Morales would dramatically boost funding to restorative justice and violence interruption programs and would create “gun-free” zones. Her campaign didn’t return a request for comment on what those zones would entail.

Scott Stringer

Stringer’s plans to curb gun violence includes boosting arrest rates for serious crimes, increasing funding for CURE violence groups and targeting at-risk youth with employment. His campaign website points to his City Comptroller site where these plans are flushed out in greater detail. To improve arrest rates, he’d reassign detectives in specialized bureaus to handle homicides in Brooklyn and the Bronx.
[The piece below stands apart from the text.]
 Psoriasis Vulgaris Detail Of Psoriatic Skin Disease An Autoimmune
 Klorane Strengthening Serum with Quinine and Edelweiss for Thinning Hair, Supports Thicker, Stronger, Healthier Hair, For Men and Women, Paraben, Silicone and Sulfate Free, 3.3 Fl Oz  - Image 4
He’d also push for more use of federal gun trace data to better track the sources of illegal guns that make their way to New York City.

Andrew Yang

Yang said he would assign more police officers to communities with gun violence and would revamp an “anti-violence and community safety unit” that will include officers in plain-clothes. It echoes a pitch from Eric Adams’s camp to revive the controversial anti-crime task force that was disbanded last year. Yang’s website said he would increase funding to CURE violence groups. At a presser on Sunday he said he would also empower NYPD’s intelligence units to do more to disrupt the pipeline of illegal guns, but his campaign didn’t offer clarification on what that meant.

Maya Wiley

Wiley’s plan to decrease gun violence would include doubling the job slots available for at-risk youth, increasing funding for hospital and community-based violence interruption programs, and establishing an $18 million “participatory justice fund” that neighborhoods impacted by gun violence would decide how to spend. She’d match youth with mentors to help them handle an array of situations.

There are five other candidates who will be on the ballot for Democratic voters to choose from; Art Chang, Paperboy Love Prince, Jocelyn Taylor, Aaron Foldenauer and Isaac Wright Jr.